翻译：课程学习培训动态:单语和跨语言国家语言股研究

Fenia Christopoulou,Gerasimos Lampouras,Ignacio Iacobacci

from arxiv, 17 pages, 4 figures, 6 tables. To appear in EMNLP 2022

Curriculum Learning (CL) is a technique of training models via ranking examples in a typically increasing difficulty trend with the aim of accelerating convergence and improving generalisability. Current approaches for Natural Language Understanding (NLU) tasks use CL to improve in-distribution data performance often via heuristic-oriented or task-agnostic difficulties.

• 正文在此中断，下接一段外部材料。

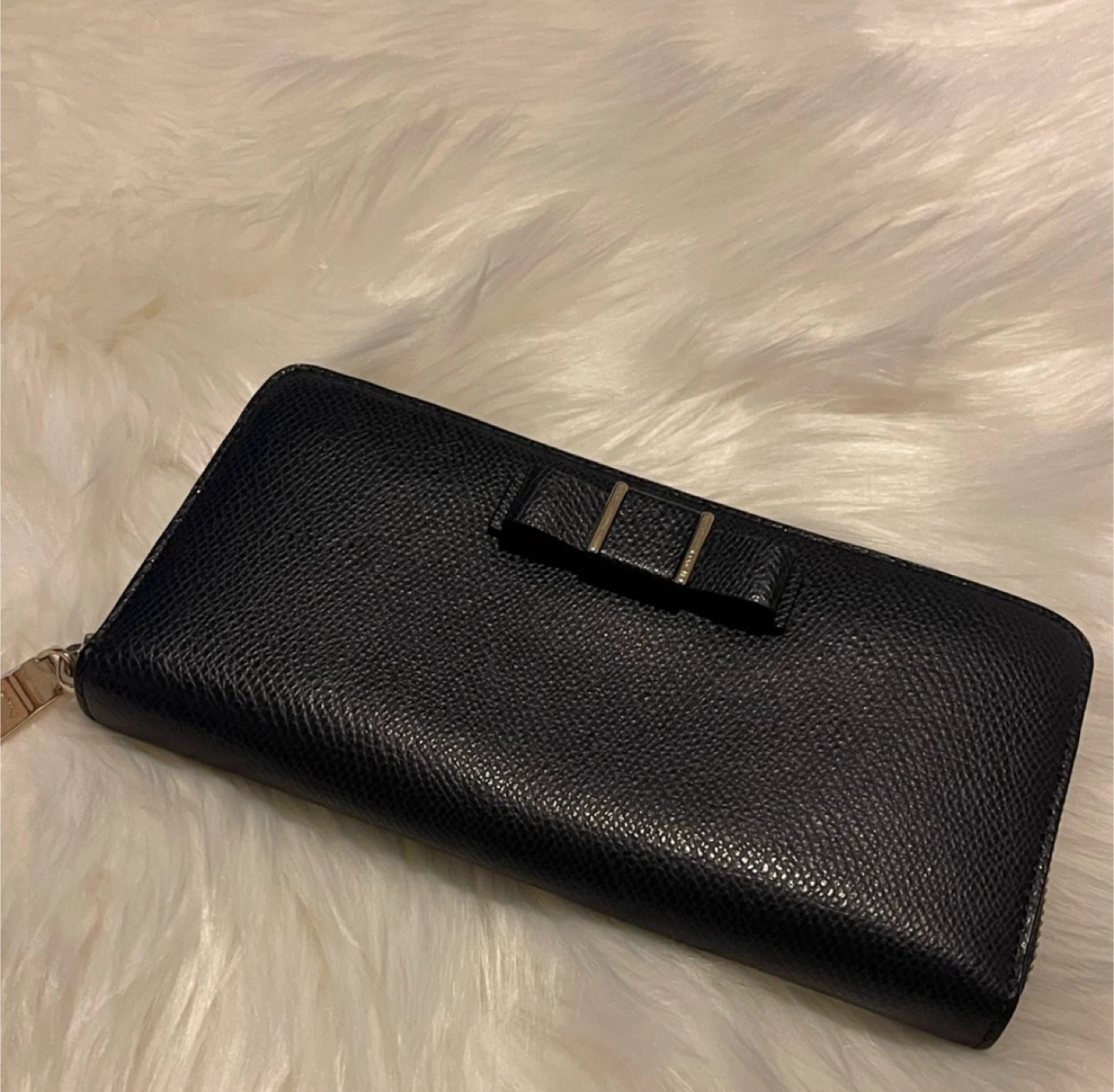 ✨Rare 💯% Authentic BOW long midnight blue Gold-tone Hardware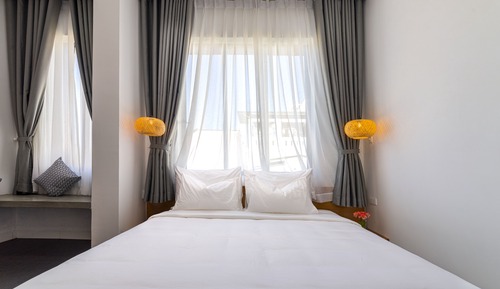Deluxe Double Room (with Windows)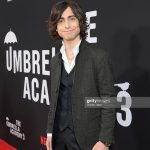 Aidan Gallagher Instagram – Thank you for all the love ♥️♥️♥️♥️♥️ @gerardway @gabriel_ba @steveblackmantv  @darkhorsecomics @ucp @netflix ☂️🪓☕️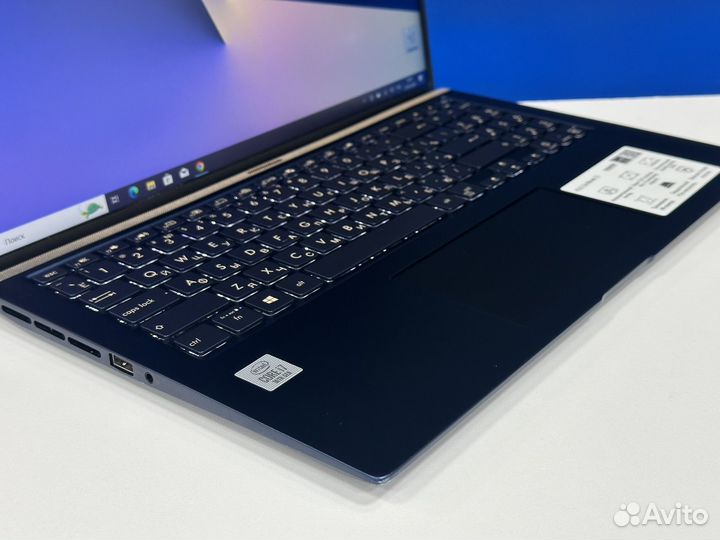 Asus ZenBook 15.6 IPS Core i7 10th 16G озу SSD512g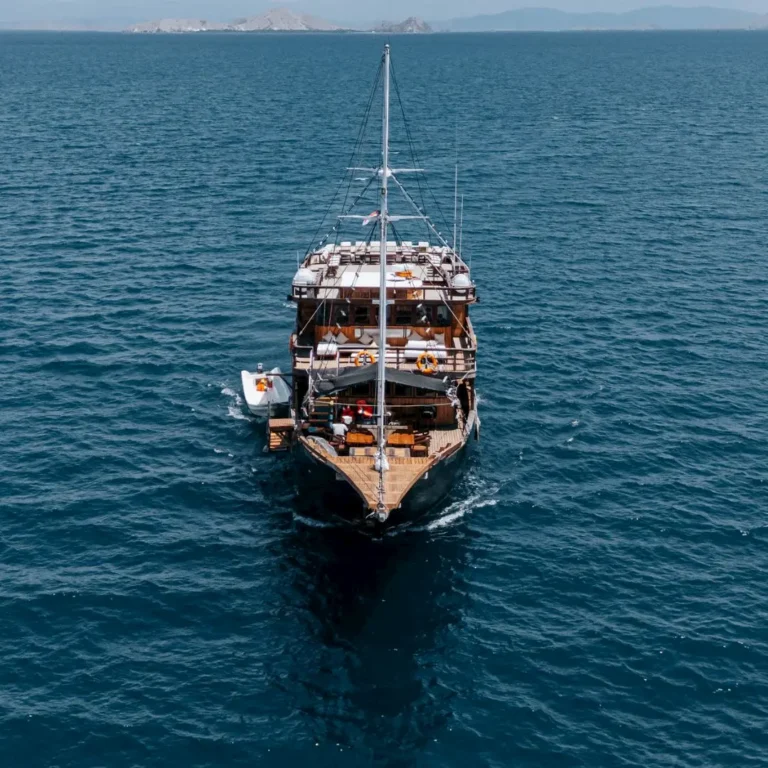 Luxury phinisi marea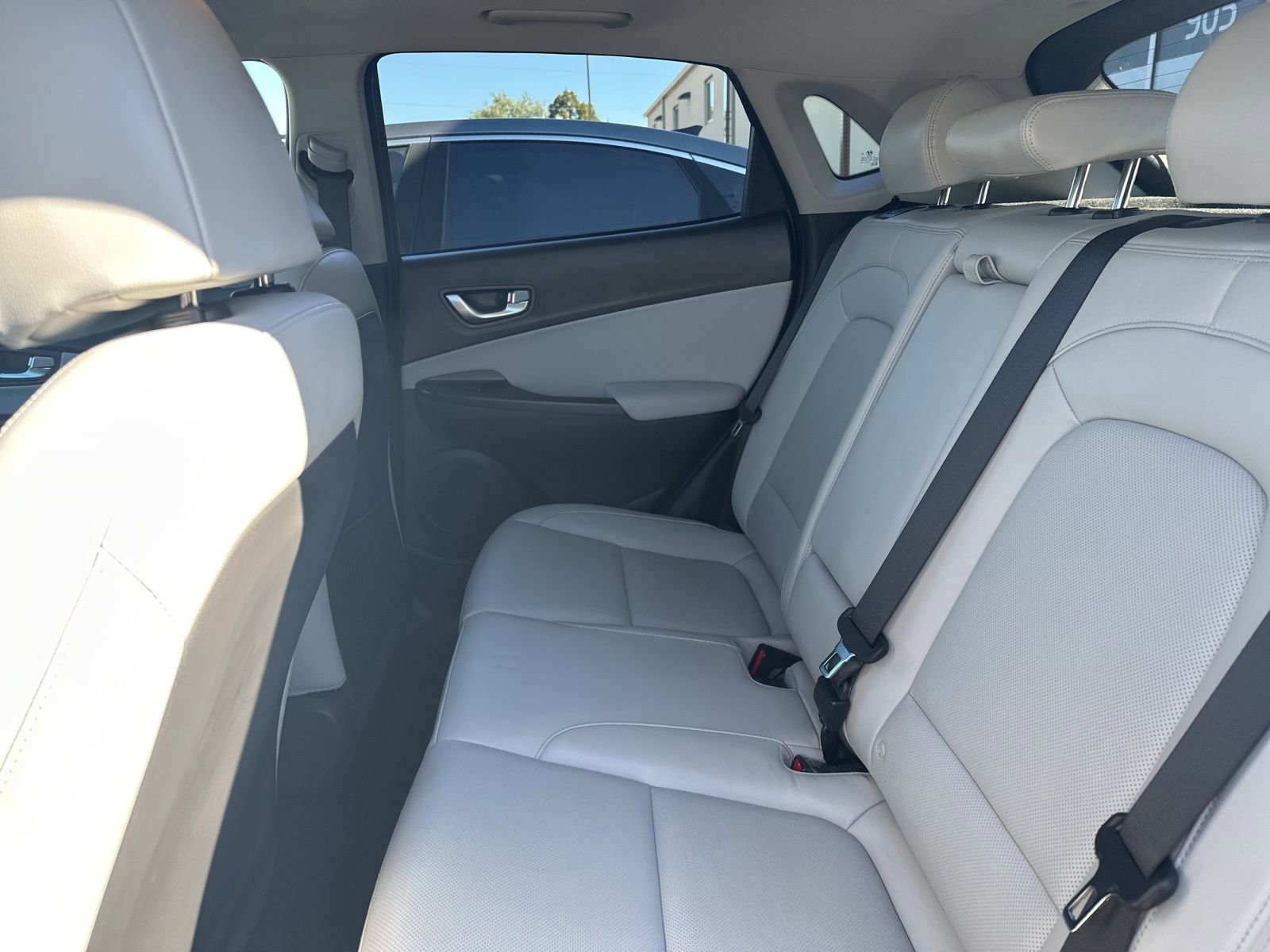 Used 2023 Hyundai Kona Limited image 36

In this work, instead, we employ CL for NLU by taking advantage of training dynamics as difficulty metrics, i.e., statistics that measure the behavior of the model at hand on specific task-data instances during training and propose modifications of existing CL schedulers based on these statistics. Differently from existing works, we focus on evaluating models on in-distribution (ID), out-of-distribution (OOD) as well as zero-shot (ZS) cross-lingual transfer datasets. We show across several NLU tasks that CL with training dynamics can result in better performance mostly on zero-shot cross-lingual transfer and OOD settings with improvements up by 8.5% in certain cases. Overall, experiments indicate that training dynamics can lead to better performing models with smoother training compared to other difficulty metrics while being 20% faster on average. In addition, through analysis we shed light on the correlations of task-specific versus task-agnostic metrics.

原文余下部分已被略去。